In 1924, at his father's urging, he studied pottery making techniques under Miyagawa Kozan II (1842-1916) in Yokohama, and around 1927, he studied under Itaya Hazan (1872 – 1963), learning how to be an individual ceramic artist.
It is important to note that Yasuhara learned from two master ceramic craftsmen at the start of his pottery career. Miyagawa Kozan II inherited the Makazu kiln, which had been in operation since the Meiji period (1868-1912), and was the master of a large pottery workshop with over 100 craftsmen, and was well versed in various ceramic techniques. On the other hand, Itaya Hazan, like Tomimoto Kenkichi (1886– 1963) and Kusube Yaichi (1897–1984), was a pioneer of individual ceramic artists in the 20th century, who studied "creativity" at art school and established himself as an artist by exhibiting his works at exhibitions.
This means that Yasuhara was able to learn from the most talented ceramic artists of his time the necessary requirements for a ceramic artist: a broad range of traditional ceramic techniques and authorship (creativity). Yasuhara's later work in an extremely wide range of techniques, including pottery, porcelain, and stoneware (especially glazed, non-glazed, inlaid, and painted porcelain), and the development of his own expression using these techniques, were based on the knowledge and teachings he had learned from Kozan and Hazan from the beginning of his pottery making career.

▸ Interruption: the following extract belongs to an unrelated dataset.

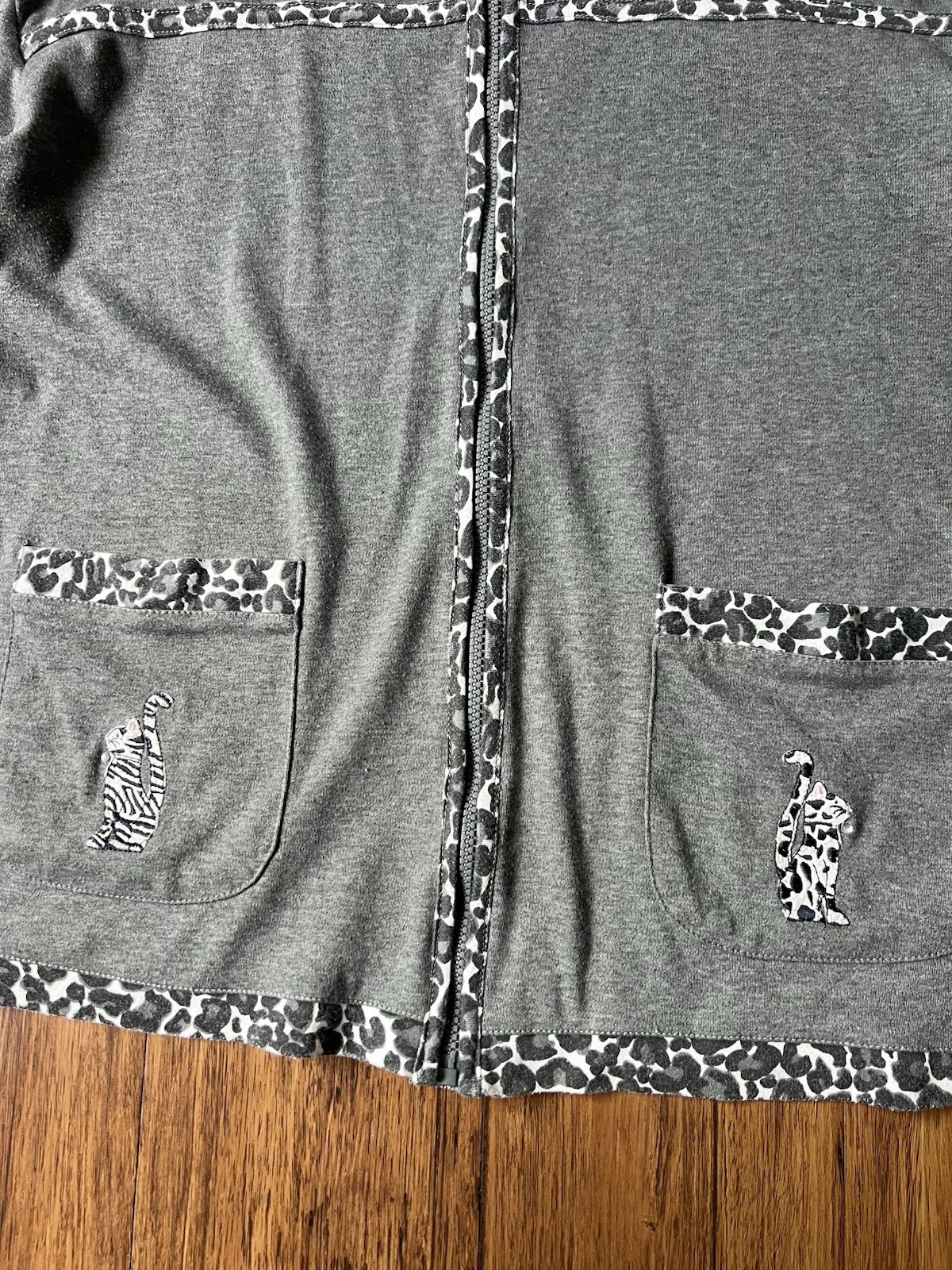 Vintage 90s Full Zip Sweater XL Gray Animal Cat Embroidered Mock Neck Grandma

Around 1937, Yasuhara began creating vases for Teshigawara Sofu. At that time, Teshigawara was exploring ikebana art as a creative new form and space, rather than formalized ikebana. Radical ikebana artists like Teshigahara were quick to learn about the objects of the Surrealists and Dadaists in Western art from magazines of the time, and began using terms such as "obuje (objet d'art)" and "obuje kaki (vase as art object)“. Ceramic artists who had been in contact with flower arrangement artists also began to produce vases with a different formative and creative style. Yasuhara, who had been in contact with Teshigawara, also began to expand his expression considerably from the late 1930s onward.